We’re not done: the Queens DA race heads to a recount

Stephon Johnson | 7/11/2019, 4:44 p.m.
It looked like change was eminent in Queens politics, but a voter recount might say otherwise.
Tiffany Cabån and Melinda Katz Twitter photos

It looked like change was eminent in Queens politics, but a voter recount might say otherwise. Two weeks ago, public defender Tiffany Cabán declared victory in the Democratic primary for Queens district attorney. She emerged from a trove of candidates with 39.6 percent of the vote. Queens Borough President Melinda Katz ended the night right behind her at 38.3 percent.

Katz said that she’d wait for the recount before conceding although she might not have to concede at all.

Despite having a 1,100-vote deficit after primary night, Katz held out for the Queens Board of Elections to count the 3,400 paper absentee and affidavit ballots. With a combo of those ballots plus votes being thrown out based on technicalities, Katz had a 30-vote lead (that’s now down to 16). Starting this Tuesday, the BOE started counting 91,000 votes by hand while Cabán and Katz’s people went to court to fight over 114 thrown out affidavit ballots. BOE officials said that the recount would take 10 days.

In a statement, Cabán’s campaign spokesperson Monica Klein said that the BOE made a mistake by throwing out ballots and vowed to continue to fight to have the ballots counted.

“As we have said from the beginning, and as the New York Times agreed today, every valid vote in this election must be counted. Over the coming days and weeks, we will continue to fight in court and at the Board of Elections to make sure Queens voters are not disenfranchised. Melinda Katz said on election night that every vote should be counted. We hope her campaign will join us in court to make sure that happens—and join our call on Governor Cuomo to quickly sign already-passed legislation that could prevent otherwise valid votes from being thrown out by technicalities.

“We remain confident that when all the votes are counted, we will win,” Klein concluded.

Klein’s sentiments were also uttered by New York Working Families Party State Director Bill Lipton. In an emailed statement, Lipton said that the BOE is on the verge of disenfranchising eligible voters.

“There is pending legislation that could help ensure that these voters are protected. We ask Melinda Katz to demonstrate her commitment to democratic values by joining us to ask that the Assembly forward the bill to the executive chamber for the governor’s signature,” said Lipton. “Common sense dictates that where the will and intent of an eligible voter is clear, that vote should be counted. This bill will bring us closer to common-sense and inclusive voting rights for New Yorkers.”

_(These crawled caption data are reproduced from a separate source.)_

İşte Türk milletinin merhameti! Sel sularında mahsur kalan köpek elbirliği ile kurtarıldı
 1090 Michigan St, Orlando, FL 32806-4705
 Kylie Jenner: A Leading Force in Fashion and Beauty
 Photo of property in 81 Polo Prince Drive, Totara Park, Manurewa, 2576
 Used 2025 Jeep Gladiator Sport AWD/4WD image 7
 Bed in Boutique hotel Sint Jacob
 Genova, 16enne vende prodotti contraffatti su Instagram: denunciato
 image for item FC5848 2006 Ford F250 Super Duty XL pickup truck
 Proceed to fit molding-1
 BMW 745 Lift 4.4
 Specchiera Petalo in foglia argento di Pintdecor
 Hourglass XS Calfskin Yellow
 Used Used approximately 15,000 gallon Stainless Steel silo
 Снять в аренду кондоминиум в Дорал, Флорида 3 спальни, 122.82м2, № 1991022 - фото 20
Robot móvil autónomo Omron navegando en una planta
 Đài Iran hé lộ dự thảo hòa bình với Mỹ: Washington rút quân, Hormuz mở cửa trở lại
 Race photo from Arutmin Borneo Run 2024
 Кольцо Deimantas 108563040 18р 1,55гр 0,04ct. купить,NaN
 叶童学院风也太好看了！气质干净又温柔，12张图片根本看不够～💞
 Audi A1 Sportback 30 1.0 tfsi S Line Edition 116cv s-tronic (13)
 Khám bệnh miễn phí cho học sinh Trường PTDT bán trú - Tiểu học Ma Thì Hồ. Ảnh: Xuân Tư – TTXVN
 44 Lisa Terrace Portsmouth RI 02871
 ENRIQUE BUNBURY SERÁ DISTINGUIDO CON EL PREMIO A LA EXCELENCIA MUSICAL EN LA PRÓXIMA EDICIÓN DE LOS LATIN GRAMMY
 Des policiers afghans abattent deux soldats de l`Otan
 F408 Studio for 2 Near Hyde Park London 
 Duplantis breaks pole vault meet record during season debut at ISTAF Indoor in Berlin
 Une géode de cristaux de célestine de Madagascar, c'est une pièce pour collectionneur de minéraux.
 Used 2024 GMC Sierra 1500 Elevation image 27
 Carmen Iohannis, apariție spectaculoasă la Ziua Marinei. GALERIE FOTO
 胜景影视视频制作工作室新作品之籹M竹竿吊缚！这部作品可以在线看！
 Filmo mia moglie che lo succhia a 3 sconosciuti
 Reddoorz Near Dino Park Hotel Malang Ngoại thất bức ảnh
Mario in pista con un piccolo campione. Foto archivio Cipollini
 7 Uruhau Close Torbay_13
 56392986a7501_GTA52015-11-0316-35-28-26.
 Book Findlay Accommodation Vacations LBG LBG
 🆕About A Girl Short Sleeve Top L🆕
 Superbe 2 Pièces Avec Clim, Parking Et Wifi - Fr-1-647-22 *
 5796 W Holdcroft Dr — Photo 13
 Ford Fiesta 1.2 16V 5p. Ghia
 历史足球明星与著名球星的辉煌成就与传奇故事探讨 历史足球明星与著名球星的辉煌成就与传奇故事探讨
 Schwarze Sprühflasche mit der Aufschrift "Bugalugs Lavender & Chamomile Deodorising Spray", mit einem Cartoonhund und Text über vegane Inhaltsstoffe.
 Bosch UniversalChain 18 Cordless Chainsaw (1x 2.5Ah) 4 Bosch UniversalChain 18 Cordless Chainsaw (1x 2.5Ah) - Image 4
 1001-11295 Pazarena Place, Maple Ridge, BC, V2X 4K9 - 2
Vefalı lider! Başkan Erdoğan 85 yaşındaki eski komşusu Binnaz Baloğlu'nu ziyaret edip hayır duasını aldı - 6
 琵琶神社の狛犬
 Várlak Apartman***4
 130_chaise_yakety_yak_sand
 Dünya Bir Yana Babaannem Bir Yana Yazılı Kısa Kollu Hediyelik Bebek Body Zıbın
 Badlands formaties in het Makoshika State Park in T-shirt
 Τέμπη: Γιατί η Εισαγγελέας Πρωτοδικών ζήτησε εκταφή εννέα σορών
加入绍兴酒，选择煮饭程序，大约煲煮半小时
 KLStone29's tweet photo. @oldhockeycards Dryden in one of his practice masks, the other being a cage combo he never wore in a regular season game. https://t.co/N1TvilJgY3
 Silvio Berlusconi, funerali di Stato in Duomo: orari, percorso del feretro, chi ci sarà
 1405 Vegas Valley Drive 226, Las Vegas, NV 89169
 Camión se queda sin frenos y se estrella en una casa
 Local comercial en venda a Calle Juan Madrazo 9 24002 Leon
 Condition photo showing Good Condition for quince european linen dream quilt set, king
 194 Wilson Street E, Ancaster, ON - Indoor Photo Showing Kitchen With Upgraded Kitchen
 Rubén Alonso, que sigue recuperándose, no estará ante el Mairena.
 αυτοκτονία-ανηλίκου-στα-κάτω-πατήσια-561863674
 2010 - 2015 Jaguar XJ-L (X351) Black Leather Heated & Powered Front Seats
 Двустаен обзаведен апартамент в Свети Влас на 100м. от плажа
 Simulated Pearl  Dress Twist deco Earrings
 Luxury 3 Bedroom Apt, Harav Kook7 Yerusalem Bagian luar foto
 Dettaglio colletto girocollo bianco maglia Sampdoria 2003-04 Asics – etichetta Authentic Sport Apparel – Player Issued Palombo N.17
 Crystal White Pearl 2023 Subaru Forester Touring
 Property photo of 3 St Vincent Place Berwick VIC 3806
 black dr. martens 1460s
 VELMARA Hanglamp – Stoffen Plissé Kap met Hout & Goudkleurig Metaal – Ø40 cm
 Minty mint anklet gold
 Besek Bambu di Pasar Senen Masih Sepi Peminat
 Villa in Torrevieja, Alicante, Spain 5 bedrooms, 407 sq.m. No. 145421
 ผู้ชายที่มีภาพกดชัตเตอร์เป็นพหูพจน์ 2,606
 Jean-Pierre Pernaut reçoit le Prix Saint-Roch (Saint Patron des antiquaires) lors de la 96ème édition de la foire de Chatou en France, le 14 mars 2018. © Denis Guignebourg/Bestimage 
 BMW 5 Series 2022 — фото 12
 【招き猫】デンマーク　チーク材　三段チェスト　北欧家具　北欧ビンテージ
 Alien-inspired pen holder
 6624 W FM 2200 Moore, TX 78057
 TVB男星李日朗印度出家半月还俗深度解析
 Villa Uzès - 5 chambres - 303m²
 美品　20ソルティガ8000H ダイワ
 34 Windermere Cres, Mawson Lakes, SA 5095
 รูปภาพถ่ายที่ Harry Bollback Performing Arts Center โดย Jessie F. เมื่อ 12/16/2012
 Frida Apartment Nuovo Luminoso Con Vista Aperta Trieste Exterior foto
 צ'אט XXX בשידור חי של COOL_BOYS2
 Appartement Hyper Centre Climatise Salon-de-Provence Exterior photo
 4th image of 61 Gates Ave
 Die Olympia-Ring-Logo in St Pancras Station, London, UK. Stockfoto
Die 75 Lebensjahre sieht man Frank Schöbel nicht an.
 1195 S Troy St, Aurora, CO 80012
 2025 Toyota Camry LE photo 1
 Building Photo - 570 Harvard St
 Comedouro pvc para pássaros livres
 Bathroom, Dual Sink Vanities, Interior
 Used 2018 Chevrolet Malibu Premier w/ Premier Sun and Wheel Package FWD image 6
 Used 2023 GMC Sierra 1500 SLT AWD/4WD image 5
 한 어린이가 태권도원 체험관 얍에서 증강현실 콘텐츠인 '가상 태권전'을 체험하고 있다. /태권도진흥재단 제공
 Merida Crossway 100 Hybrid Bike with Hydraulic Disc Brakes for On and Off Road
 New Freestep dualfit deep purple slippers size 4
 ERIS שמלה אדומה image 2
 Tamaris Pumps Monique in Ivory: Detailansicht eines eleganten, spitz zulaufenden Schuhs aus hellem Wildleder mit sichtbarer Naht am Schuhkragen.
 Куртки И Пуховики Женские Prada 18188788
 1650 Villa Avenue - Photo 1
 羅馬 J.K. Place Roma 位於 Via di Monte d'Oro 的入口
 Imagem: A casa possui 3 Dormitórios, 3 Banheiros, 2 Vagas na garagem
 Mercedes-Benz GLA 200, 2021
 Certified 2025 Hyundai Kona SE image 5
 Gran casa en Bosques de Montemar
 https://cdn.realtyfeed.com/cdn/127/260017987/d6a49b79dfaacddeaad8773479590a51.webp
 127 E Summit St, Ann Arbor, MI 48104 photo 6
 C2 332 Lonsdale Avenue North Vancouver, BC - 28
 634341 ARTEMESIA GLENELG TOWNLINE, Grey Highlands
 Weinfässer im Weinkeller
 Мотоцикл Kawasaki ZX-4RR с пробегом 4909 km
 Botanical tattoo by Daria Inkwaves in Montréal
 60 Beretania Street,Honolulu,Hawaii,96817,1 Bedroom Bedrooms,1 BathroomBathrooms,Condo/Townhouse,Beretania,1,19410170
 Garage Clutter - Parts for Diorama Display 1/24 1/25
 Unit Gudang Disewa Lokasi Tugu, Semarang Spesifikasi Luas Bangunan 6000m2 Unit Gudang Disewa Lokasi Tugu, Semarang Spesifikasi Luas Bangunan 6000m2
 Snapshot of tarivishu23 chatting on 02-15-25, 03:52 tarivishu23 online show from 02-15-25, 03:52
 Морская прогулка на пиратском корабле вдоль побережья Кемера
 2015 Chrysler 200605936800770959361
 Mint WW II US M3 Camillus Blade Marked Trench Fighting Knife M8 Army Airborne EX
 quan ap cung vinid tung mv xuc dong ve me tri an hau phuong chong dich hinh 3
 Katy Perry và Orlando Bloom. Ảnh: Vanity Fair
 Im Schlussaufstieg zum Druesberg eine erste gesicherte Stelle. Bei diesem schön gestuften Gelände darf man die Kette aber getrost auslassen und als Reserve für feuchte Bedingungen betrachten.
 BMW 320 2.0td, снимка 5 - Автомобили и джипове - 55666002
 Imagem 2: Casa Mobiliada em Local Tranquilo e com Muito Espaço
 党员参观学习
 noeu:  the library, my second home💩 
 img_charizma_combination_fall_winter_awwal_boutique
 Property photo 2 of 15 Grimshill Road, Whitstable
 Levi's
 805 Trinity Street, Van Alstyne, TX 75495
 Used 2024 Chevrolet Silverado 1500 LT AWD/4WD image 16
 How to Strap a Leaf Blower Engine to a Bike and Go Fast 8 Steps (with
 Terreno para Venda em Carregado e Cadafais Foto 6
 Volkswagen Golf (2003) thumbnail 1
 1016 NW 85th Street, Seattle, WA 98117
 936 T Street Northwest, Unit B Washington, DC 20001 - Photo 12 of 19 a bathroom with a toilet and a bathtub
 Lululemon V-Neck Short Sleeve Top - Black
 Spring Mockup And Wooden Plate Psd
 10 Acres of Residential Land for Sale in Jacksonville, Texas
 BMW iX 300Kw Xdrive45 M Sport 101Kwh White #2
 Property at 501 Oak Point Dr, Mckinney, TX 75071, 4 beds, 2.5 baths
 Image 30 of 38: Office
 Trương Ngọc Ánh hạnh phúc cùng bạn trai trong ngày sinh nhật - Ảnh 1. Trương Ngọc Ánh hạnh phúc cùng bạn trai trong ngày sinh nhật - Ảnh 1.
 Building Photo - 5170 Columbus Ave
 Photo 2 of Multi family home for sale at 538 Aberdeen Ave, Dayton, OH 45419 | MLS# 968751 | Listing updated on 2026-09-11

But not all agree. New York State Sen. Leroy Comrie said that Cabán’s people haven’t been forthright with their motives during the recount.

“I think Team Cabán’s been very disingenuous about every level of the count,” said Comrie. “It’s been transparent. The press and media have been there every day. Her lawyers admitted twice that the process was fair and transparent.”

Comrie also accused Cabán’s campaign of trying to reinstall ballots from parts of Queens more favorable to the public defender.